Sarah Vaughan | Anatomy A Scandal | Crime and Punishment
Anatomy Of A Scandal by Sarah Vaughan, Simon & Schuster HB, £12.99
Reviewed by Karen Byrom
From the dreaming spires of Oxford to Westminster’s corridors of power – Anatomy Of A Scandal is the tense, gripping story of one woman’s search for justice against a man who believes he’s entitled to it all.
The story opens with barrister Kate being asked to prosecute a case. James is accuses of one of the most terrible of crimes – rape. A government minister, it is alleged he assaulted his former mistress in a lift in the Houses of Parliament.

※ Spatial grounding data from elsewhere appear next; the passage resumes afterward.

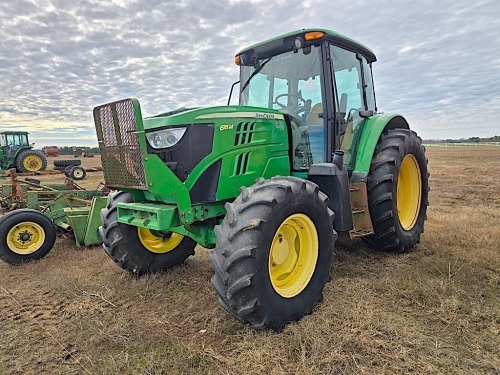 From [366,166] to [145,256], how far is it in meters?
2.64

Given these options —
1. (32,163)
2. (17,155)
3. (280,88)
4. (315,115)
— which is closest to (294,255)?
(315,115)

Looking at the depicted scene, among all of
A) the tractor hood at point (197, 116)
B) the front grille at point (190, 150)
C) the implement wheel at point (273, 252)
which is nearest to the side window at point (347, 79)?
the tractor hood at point (197, 116)

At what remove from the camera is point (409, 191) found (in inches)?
210

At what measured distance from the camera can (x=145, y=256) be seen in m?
4.16

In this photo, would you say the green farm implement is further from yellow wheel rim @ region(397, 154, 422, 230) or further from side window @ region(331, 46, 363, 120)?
yellow wheel rim @ region(397, 154, 422, 230)

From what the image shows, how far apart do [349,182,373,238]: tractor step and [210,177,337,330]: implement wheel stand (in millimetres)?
1044

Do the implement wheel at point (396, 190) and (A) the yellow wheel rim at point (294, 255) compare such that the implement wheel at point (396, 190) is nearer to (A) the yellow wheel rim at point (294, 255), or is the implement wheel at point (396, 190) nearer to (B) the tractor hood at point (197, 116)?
(A) the yellow wheel rim at point (294, 255)

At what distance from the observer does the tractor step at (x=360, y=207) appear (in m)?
4.31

If he is found guilty he will lose everything.
Ready to take revenge …
His wife Sophie is standing by her man, convinced of his innocence. After all she has known him from university days.

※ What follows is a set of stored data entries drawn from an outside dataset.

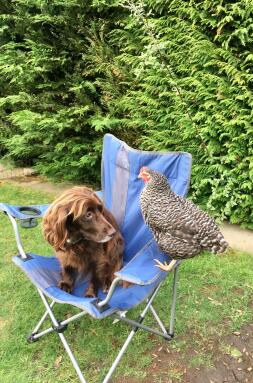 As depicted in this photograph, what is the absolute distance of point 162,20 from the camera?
177 inches

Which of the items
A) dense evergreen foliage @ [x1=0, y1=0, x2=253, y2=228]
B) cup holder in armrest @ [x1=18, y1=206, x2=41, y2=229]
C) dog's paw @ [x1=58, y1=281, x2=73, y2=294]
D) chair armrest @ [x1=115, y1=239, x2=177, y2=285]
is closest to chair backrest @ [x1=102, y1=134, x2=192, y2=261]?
chair armrest @ [x1=115, y1=239, x2=177, y2=285]

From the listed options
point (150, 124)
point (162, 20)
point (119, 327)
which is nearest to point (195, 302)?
point (119, 327)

But someone else remembers him from that time. Someone who admired him and his coterie of privileged friends from afar. Someone who longed for his kiss … but never consented to his rough, unfeeling, contemptuous assault on her body.

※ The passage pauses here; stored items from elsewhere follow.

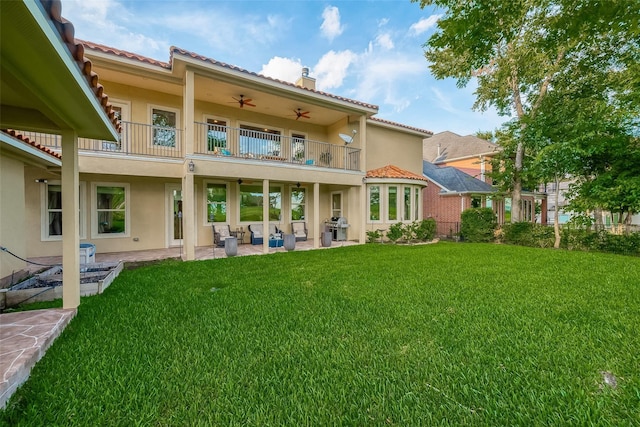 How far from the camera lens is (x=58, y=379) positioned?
2590mm

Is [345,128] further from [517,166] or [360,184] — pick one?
[517,166]

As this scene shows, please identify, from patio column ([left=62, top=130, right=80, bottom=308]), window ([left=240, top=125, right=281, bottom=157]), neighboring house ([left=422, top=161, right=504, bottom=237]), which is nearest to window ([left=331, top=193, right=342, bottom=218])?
window ([left=240, top=125, right=281, bottom=157])

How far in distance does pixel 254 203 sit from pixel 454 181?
1297cm

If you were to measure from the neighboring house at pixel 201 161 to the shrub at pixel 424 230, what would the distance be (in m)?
0.54

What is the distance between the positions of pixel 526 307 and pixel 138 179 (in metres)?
11.9

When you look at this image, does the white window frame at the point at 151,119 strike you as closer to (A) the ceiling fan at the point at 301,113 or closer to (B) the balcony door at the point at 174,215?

At the time it destroyed her. But now at last she is in a position of power and ready to take revenge.
As the story weaves between past and present, taking us from Oxford to the courtroom and back again, more and more of James’s wild, wilful youth is revealed to the reader. He and his friends wrought more than havoc in their student days – they destroyed lives with no thought of the consequences.
But knowing nothing of this, will the jury believe plausible James’s story that his mistress consented to sex? Or will Kate’s skill in bringing guilty people to justice prevail?
An abuse of power
Tense, emotional, thought-provoking – this novel does more than tell a story. It raises the spectre of just how women can be treated as objects by men who believe the world owes them everything.
It’s a timely tale, given the sex scandals that are surfacing everywhere. Sarah Vaughan approaches the issue of consent, and why women don’t always come forward at the time of an attack, with great sensitivity.
Anatomy Of a Scandal leaves us in no doubt that men who have committed serious historic sex crimes should be called to account, before they abuse their power again … and again.